**To do**
Set each line of the data down exactly, please.

::: Source material

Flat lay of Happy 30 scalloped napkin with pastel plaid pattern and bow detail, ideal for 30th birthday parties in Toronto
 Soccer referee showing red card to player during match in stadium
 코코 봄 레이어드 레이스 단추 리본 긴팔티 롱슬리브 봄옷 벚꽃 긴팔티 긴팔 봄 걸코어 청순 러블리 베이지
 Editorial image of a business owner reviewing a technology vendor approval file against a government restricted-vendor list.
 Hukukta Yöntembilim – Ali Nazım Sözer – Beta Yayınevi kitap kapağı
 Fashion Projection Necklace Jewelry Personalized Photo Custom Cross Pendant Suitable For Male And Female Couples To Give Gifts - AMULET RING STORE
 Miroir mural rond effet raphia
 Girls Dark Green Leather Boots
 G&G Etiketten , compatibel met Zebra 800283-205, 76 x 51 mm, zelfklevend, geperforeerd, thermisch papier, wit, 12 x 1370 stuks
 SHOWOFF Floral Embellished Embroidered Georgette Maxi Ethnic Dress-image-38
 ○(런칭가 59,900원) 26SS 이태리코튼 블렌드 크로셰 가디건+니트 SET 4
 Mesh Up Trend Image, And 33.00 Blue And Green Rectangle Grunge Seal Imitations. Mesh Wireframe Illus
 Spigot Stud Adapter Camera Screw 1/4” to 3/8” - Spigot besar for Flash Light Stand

::::::

**Solution to this exercise**
Flat lay of Happy 30 scalloped napkin with pastel plaid pattern and bow detail, ideal for 30th birthday parties in Toronto
 Soccer referee showing red card to player during match in stadium
 코코 봄 레이어드 레이스 단추 리본 긴팔티 롱슬리브 봄옷 벚꽃 긴팔티 긴팔 봄 걸코어 청순 러블리 베이지
 Editorial image of a business owner reviewing a technology vendor approval file against a government restricted-vendor list.
 Hukukta Yöntembilim – Ali Nazım Sözer – Beta Yayınevi kitap kapağı
 Fashion Projection Necklace Jewelry Personalized Photo Custom Cross Pendant Suitable For Male And Female Couples To Give Gifts - AMULET RING STORE
 Miroir mural rond effet raphia
 Girls Dark Green Leather Boots
 G&G Etiketten , compatibel met Zebra 800283-205, 76 x 51 mm, zelfklevend, geperforeerd, thermisch papier, wit, 12 x 1370 stuks
 SHOWOFF Floral Embellished Embroidered Georgette Maxi Ethnic Dress-image-38
 ○(런칭가 59,900원) 26SS 이태리코튼 블렌드 크로셰 가디건+니트 SET 4
 Mesh Up Trend Image, And 33.00 Blue And Green Rectangle Grunge Seal Imitations. Mesh Wireframe Illus
 Spigot Stud Adapter Camera Screw 1/4” to 3/8” - Spigot besar for Flash Light Stand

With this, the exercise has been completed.